Em Green Lanterns #15 (Março, 2017), somos apresentados à profundidade do transtorno de ansiedade de Jessica Cruz, além de alguns desdobramentos de sua síndrome do pânico. O roteirista regular da série, Sam Humphries, explora esse lado da guerreira esmeralda para ligá-la às batalhas contra o medo. O trio da arte, Tom Derenick, Miguel Mendonça e Scott Hanna, faz boas escolhas para transformar em narrativa gráfica as questões centrais do roteiro. O número já começa com Cruz e seu dilema diário de sair da cama. O quarto bagunçado, as coisas pelo chão e o celular chamando. A Lanterna Verde da Ansiedade, como ela mesma se chama, tem uma luta diária para sair da cama e viver o seu dia. As páginas seguintes mostram a continuação dessa reflexão; o diálogo sempre procurando uma justificativa para ela continuar e uma “contrajustificativa” para que ela fique na cama, dessa vez com Simon Baz, outro Lanterna verde que, por si só, daria uma ótima reflexão. Vale notar que o mote desse segundo diálogo interno é ela procurando uma resposta para a pergunta: qual é a cor da ansiedade?

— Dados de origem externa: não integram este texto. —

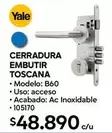 Yale - Cerradura Embutir Toscana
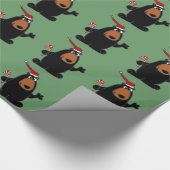 Zwart Beer in Santa Hat-kerstkunst Cadeaupapier (Hoek)
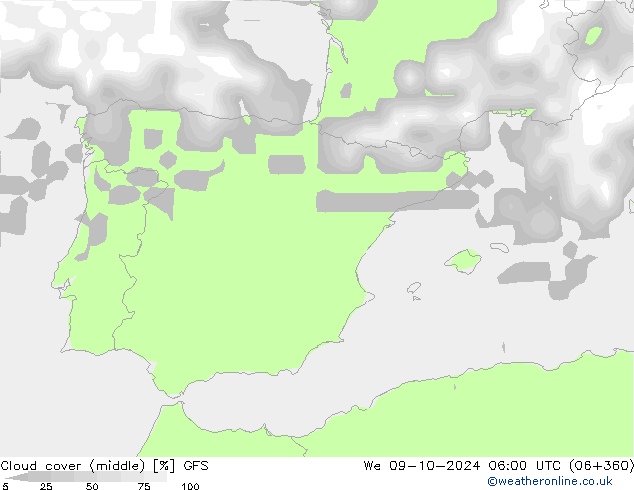 Cloud cover (middle) GFS We 09.10.2024 06 UTC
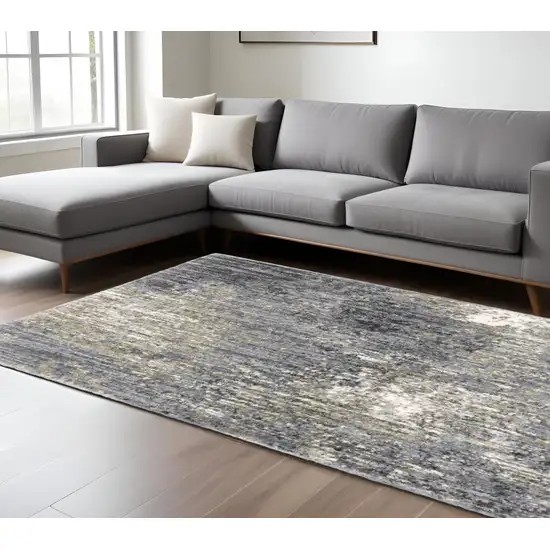 Gray And Ivory Abstract Shag Area Rug Photo 1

As próximas páginas são ela trabalhando com a Liga da Justiça, enfrentando várias ameaças e questionando sua posição na Liga e seu lugar como heroína. Pouco depois, ao lançar seus primeiros constructos com mais consistência, salva várias pessoas e consegue ajudar efetivamente o grupo de heróis e heroínas. Mas a grande sacada da revista, a grande virada do roteiro vem logo depois disso. Depois de realizar alguns trabalhos, a dupla de Lanternas, Cruz e Baz, vai resolver um problema de assalto a banco com reféns, com um vilão tipicamente dos anos 1960, um xerife com tapa-olho chamado de O Jogador. Ela começa se perguntando o motivo pela qual uma pessoa se vestiria daquela forma tão ridícula, tão idiota, depois centra nos detalhes da situação, das vestimentas… a crise de ansiedade começa. Ela se sente paralisada, é salva por Baz e, depois que o parceiro tenta “compreender” sua situação, os dois discutem e ela vai embora. Daí para frente a narrativa se centra em Cruz tentando retomar seu cotidiano, as mais pequenas atividades, o controle das situações e da sua mente. O ponto alto da revista é, depois, quando os primeiros quadros voltam, quando Cruz está deitada na cama, lutando para se levantar e Baz, pelo anel energético, está chamando-a. A página seguinte, desenhada em espiral, é ela levantando todas as suas dúvidas, todas as suas incertezas, sentindo o medo de frente. Um misto de terror e coragem que só quem tem ansiedade é que vai entender. Ela consegue se levantar e encontra Baz para conversar. A conclusão da crise é essa.


Lanternas Verdes #8 (Panini comics, 2017)

Jessica Cruz supera o medo todos os dias. Sua ansiedade é sua principal vilã. O mote para que ela se tornasse Lanterna Verde é sua batalha cotidiana pelas coisas simples, por conseguir viver cada dia de uma vez. O gancho da metáfora do medo, aberto anos atrás, ganha em Cruz o seu elemento mais importante. A meu ver, é essa a maneira de os quadrinhos ainda fazerem sentido, mostrarem possibilidades no impossível, realidade no fantástico. Sem serem normativos e caricatos. E como eu sou desses que fazem listas de coisas preferidas, posso fazer uma de preferência das pessoas que portam o anel esmeralda: Kyle Rayner, Simon Baz e Jessica Cruz.